Witnesses were invited to participate in the round table discussion without prepared remarks, a more informal hearing than is typical of Senate meetings. Senators were also invited to ask questions, with much of the dialogue focusing on tracking teachers and their pay, improving student performance, and addressing high-needs pupils like those with disabilities and limited language skills.
Tom Luna, Idaho Superintendent of Public Instruction, said the current bill “has kept the good parts of No Child Left Behind.” He likened the 2002 law to the film The Good, The Bad, and The Ugly, – with the emphasis on data-collection showing the good, while the federal government prescribing benchmarks and end goals representing the ugly.
He stressed a state’s right to set up its own education accountability measures was a 10th Amendment issue, and in moving away from NCLB, Idaho is “more than willing and ready to hold ourselves to higher level of accountability.”

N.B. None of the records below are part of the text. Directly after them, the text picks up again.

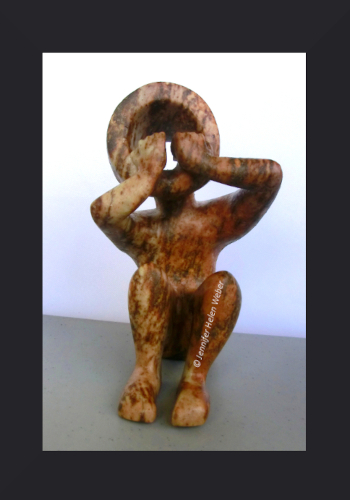Die Specksteinfigur zeigt einen sitzenden Junge, der die Hände ängstlich und entsetzt vor den Mund hält.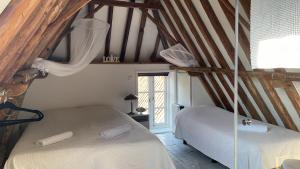 Postel nebo postele na pokoji v ubytování Texel lodge
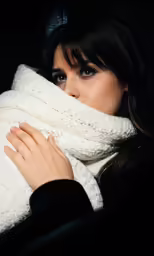 the woman is holding her scarf over her face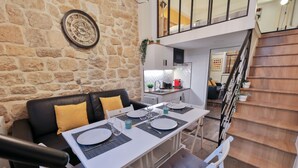 A dining area with a table set for four, a black leather sofa with yellow cushions, and a stone wall.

Still, with many state budgets squeezed, federal largesse helps programs targeting high-needs students stay afloat. But with that financial support comes expectations states will live up to standards articulated at the federal level. That reality prompted Charles Seaton, a teacher at Memphis City Schools in Tennessee, to tell the senators, “We need your money.”
Harkin-Enzi disavows most of the performance targets schools were forced to meet under NCLB mandates, known as Adequate Yearly Progress, or face consequences, and instead focuses on the worst five percent of schools per district.
Pam Geisselhardt, a gifted and talented coordinator at Adair County Schools in Kentucky, welcomes the increased state control of monitoring student output. “The term NCLB is demoralizing for us at this point…testing, testing, testing…we have no time to teach.”
But accessing a rich data set on student learning is important, the other panelists said. “Everyone says we assess too much,” quipped Amanda Danks, a lead teacher in Baltimore who works with special education students. “We assess ineffectively too much.”
Danks’ comment was reiterated by a few of the national thinkers on the panel.
Rick Hess, an education policy analyst at American Enterprise Institute, said, “It is not useful to try to prescribe models” unless they pertain to the lowest five percent of schools. And Luna, a critic of federal involvement in local education, said he would not oppose federally mandated teacher evaluations but would see a problem if the “federal government tries to define it or regulate it.”
Special education took up a significant portion of the two and a half hour hearing, but was limited to matters of assessment, as well, with some senators and panelists arguing allowing more students with disabilities to receive alternative assessments would demoralize the students.
Harkin-Enzi puts a cap on the number of students who could qualify for alternative assessments as one percent — a point of frustration for low-performing schools with many high-needs students whose test scores would factor into the school’s overall performance.
Perhaps the bill’s harshest critic on the panel is Wade Henderson, President and CEO of The Leadership Conference. “We must look at our history: states have achieved what they have because of the federal role, not in spite of it,” he said. Countering Sen. Paul’s assessment of the hearing, Henderson argued federal involvement is not a philosophical question, but a “practical debate affecting real-live students.”
Groups as politically divided as The National Council of La Raza and the U.S. Chamber of Commerce side with Henderson. In a letter released today, nearly 30 organizations that seek greater accountability standards for students and teachers said they do not support Harkin-Enzi.
From the statement:
Federal funding must be attached to firm, ambitious and unequivocal demands for higher achievement, high school graduation rates and gap closing. We know that states, school districts, and schools needed a more modern and focused law. However, we respectfully believe that the bill goes too far in providing flexibility by marginalizing the focus on the achievement of disadvantaged students.
Last month, President Obama unveiled his plan to grant states waivers from No Child Left Behind, putting pressure on congress to come up with a reauthorization of the 2002 law, which has been due for overhaul since 2007. Rep. John Kline (R-Minn.), the chair of the House education committee, has stated he prefers to augment the nation’s top K-12 law with smaller bills.